§ The data
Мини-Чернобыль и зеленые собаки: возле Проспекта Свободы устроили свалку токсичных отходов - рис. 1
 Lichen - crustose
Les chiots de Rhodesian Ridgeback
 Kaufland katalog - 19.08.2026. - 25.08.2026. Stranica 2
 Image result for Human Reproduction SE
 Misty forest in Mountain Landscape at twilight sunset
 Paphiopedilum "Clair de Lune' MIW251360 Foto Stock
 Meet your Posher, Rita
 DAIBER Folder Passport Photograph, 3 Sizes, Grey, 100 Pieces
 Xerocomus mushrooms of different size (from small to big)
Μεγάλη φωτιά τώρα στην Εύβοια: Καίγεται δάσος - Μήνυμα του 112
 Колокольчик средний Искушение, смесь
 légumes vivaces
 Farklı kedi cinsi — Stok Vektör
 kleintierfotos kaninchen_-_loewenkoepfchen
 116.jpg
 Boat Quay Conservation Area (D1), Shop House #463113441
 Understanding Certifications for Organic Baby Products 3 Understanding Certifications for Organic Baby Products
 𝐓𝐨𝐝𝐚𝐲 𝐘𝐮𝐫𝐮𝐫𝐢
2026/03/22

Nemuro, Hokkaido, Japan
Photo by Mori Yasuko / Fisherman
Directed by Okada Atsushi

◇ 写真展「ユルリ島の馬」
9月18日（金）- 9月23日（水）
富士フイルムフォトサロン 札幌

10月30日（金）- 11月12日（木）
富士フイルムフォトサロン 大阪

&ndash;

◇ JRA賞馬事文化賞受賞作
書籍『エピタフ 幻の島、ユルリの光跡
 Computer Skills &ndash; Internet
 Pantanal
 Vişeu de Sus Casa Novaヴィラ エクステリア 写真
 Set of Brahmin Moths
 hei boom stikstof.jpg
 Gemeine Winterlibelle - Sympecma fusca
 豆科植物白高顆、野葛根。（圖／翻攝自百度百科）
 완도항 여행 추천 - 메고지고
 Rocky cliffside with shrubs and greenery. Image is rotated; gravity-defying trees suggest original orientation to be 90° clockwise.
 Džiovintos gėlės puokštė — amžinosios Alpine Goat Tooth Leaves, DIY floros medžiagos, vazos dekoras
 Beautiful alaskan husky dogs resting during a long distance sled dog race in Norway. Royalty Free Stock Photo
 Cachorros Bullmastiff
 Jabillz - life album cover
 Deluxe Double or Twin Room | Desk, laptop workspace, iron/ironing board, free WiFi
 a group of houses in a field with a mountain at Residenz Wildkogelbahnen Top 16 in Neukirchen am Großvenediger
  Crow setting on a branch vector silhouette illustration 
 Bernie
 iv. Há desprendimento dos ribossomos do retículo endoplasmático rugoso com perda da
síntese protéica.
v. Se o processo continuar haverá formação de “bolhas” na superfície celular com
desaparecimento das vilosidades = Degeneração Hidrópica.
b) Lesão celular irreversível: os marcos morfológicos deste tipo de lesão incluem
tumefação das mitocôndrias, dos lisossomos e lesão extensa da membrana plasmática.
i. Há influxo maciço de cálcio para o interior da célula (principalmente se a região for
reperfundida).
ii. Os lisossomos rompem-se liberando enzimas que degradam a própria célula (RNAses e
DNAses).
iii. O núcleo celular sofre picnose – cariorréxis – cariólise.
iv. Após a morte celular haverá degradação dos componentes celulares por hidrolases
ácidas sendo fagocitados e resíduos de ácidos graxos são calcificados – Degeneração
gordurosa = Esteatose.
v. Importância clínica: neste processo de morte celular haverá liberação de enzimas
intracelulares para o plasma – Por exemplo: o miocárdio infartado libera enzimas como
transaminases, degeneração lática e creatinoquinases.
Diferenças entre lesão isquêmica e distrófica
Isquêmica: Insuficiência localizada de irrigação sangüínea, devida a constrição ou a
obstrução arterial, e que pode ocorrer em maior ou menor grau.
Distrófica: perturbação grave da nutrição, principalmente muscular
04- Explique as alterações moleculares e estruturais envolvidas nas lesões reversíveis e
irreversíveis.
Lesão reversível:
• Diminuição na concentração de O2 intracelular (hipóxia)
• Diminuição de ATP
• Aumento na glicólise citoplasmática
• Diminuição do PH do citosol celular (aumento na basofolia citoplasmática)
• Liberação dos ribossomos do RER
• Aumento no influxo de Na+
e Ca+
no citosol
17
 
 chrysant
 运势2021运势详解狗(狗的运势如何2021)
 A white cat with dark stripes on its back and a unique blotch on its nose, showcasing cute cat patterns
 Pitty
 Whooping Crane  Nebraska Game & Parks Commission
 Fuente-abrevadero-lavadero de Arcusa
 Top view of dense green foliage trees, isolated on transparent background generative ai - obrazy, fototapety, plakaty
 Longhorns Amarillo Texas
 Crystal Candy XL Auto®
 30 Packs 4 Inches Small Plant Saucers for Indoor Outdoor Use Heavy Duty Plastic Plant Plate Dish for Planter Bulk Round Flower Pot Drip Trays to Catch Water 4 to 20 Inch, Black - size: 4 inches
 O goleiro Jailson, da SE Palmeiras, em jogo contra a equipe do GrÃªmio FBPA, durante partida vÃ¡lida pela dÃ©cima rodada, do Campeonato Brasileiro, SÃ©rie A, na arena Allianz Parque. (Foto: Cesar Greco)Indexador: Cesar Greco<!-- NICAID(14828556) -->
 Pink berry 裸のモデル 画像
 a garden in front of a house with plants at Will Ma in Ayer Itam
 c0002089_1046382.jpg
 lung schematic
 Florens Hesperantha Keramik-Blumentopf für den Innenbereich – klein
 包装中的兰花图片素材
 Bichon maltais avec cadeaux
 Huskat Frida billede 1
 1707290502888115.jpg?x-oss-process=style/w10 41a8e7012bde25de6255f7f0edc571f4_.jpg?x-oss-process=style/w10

§ Task prompt
Return only and exactly the lines from the one that contains "c0002089_1046382.jpg" through the final line of the material above.

§ Completed task
 c0002089_1046382.jpg
 lung schematic
 Florens Hesperantha Keramik-Blumentopf für den Innenbereich – klein
 包装中的兰花图片素材
 Bichon maltais avec cadeaux
 Huskat Frida billede 1
 1707290502888115.jpg?x-oss-process=style/w10 41a8e7012bde25de6255f7f0edc571f4_.jpg?x-oss-process=style/w10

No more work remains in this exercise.